Problem details: Produce a word-for-word copy of the listing below without its pictures.

====================

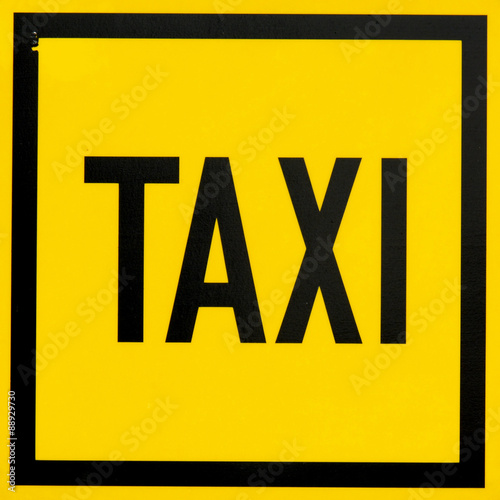 Beautiful yellow banner with black inscription taxi. Stock photo.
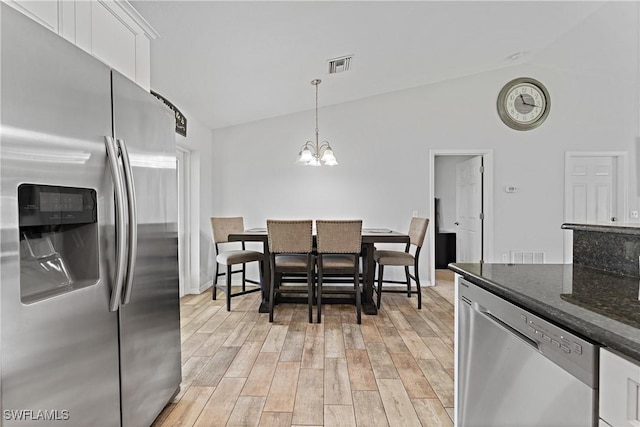 1429 Jabara Cir, Labelle, FL 33935 - dining space with a chandelier, light wood finished floors, and high vaulted ceiling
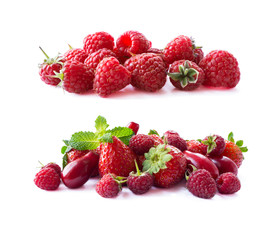 Ripe red berries isolated on white background.Juicy and delicious raspberries, strawberries and dogwoods. Background of mix fruits with copy space for text. Red berries and fruits.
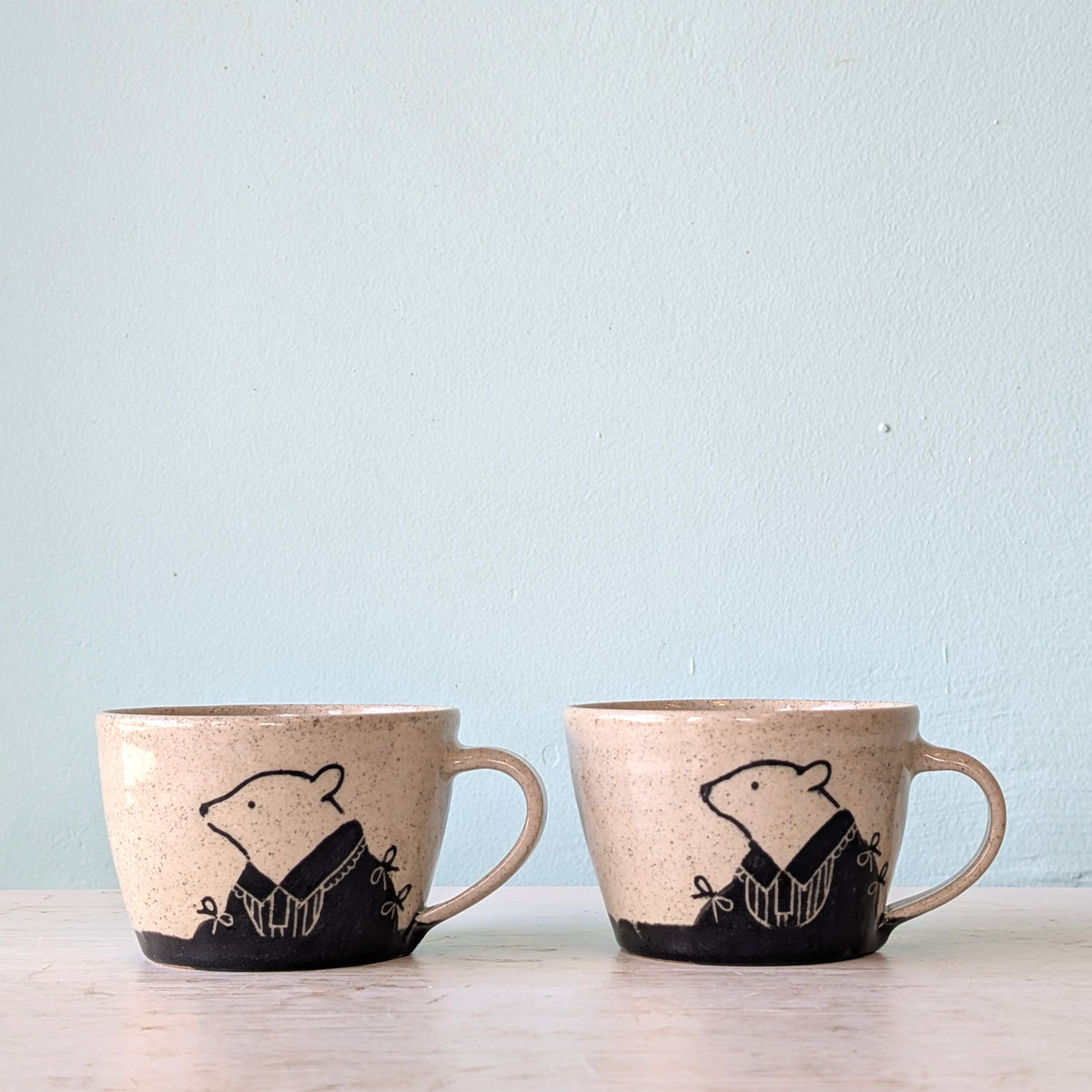 Two speckled beige ceramic mugs with black bear illustrations, displayed side-by-side on a light wooden surface against a pale blue wall.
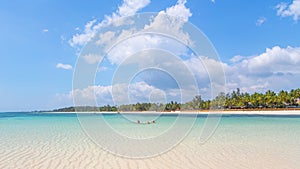 Swimming in the Diani Beach in Kenya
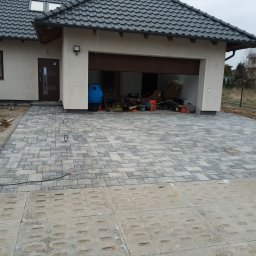 Ułożona kostka brukowa przed domem z otwartym garażem, widoczne prace wykończeniowe i przygotowanie terenu. Szara kostka w geometryczny wzór.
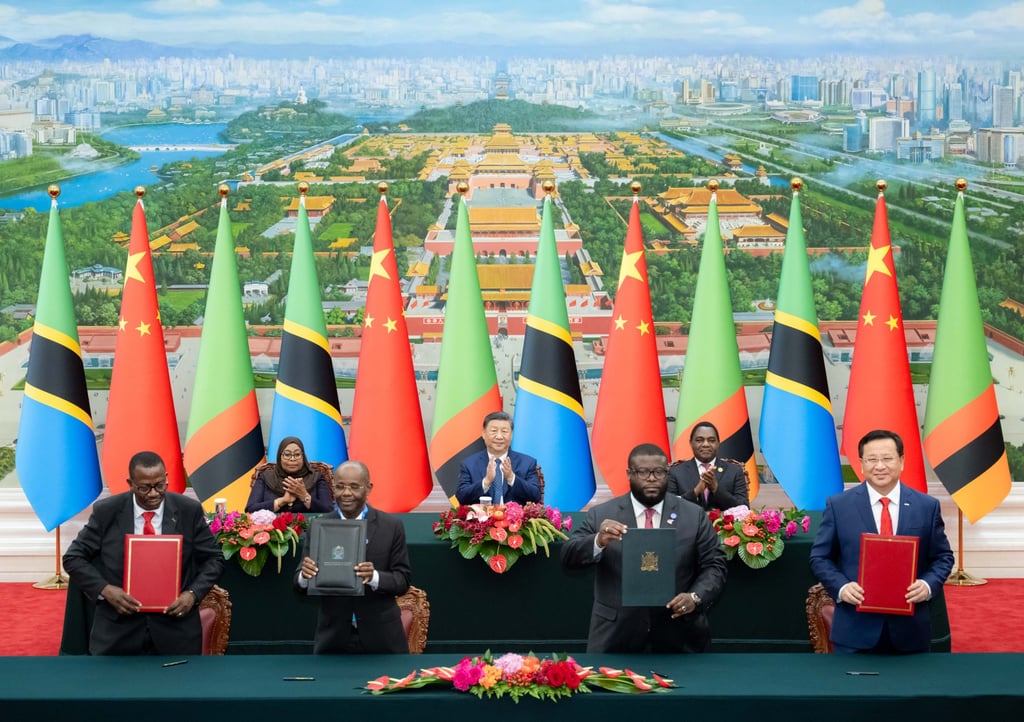 Leaders Xi Jinping, Samia Suluhu Hassan and Hakainde Hichilema (at back) witness the signing of a memorandum of understanding on the revitalisation project of the Tazara railway, on the sidelines of the 2024 FOCAC summit. Photo: Xinhua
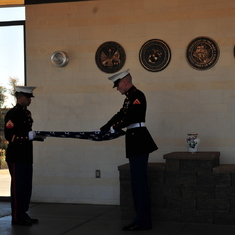 Marines folding the flag ceramony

====================

Expected answer:
 Beautiful yellow banner with black inscription taxi. Stock photo.
 1429 Jabara Cir, Labelle, FL 33935 - dining space with a chandelier, light wood finished floors, and high vaulted ceiling
 Ripe red berries isolated on white background.Juicy and delicious raspberries, strawberries and dogwoods. Background of mix fruits with copy space for text. Red berries and fruits.
 Two speckled beige ceramic mugs with black bear illustrations, displayed side-by-side on a light wooden surface against a pale blue wall.
 Swimming in the Diani Beach in Kenya
 Ułożona kostka brukowa przed domem z otwartym garażem, widoczne prace wykończeniowe i przygotowanie terenu. Szara kostka w geometryczny wzór.
 Leaders Xi Jinping, Samia Suluhu Hassan and Hakainde Hichilema (at back) witness the signing of a memorandum of understanding on the revitalisation project of the Tazara railway, on the sidelines of the 2024 FOCAC summit. Photo: Xinhua
 Marines folding the flag ceramony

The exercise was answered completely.